## WHAT THE TASK ASKS
Please return only the lines from the one holding "4 bedroom detached" through the one holding "Restaurante ao ar", exactly as they appear in the records below, both ends included.

## EXERCISE MATERIALS
/---
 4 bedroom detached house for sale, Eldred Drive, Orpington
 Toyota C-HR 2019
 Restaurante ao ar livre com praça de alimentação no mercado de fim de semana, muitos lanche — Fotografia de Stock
\---
/---
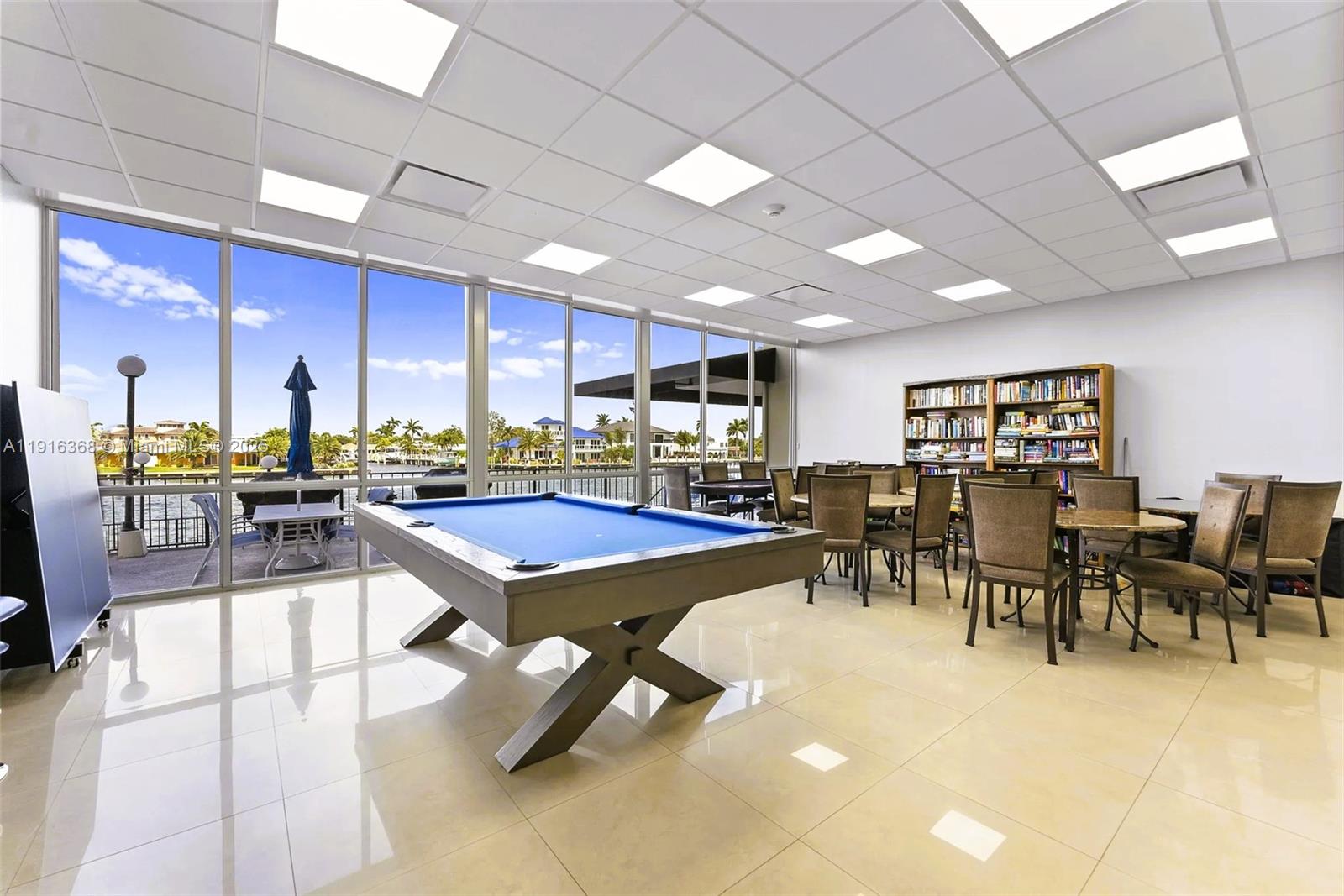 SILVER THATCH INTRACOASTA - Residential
\---
## RESPONSE TO THE EXERCISE
 4 bedroom detached house for sale, Eldred Drive, Orpington
 Toyota C-HR 2019
 Restaurante ao ar livre com praça de alimentação no mercado de fim de semana, muitos lanche — Fotografia de Stock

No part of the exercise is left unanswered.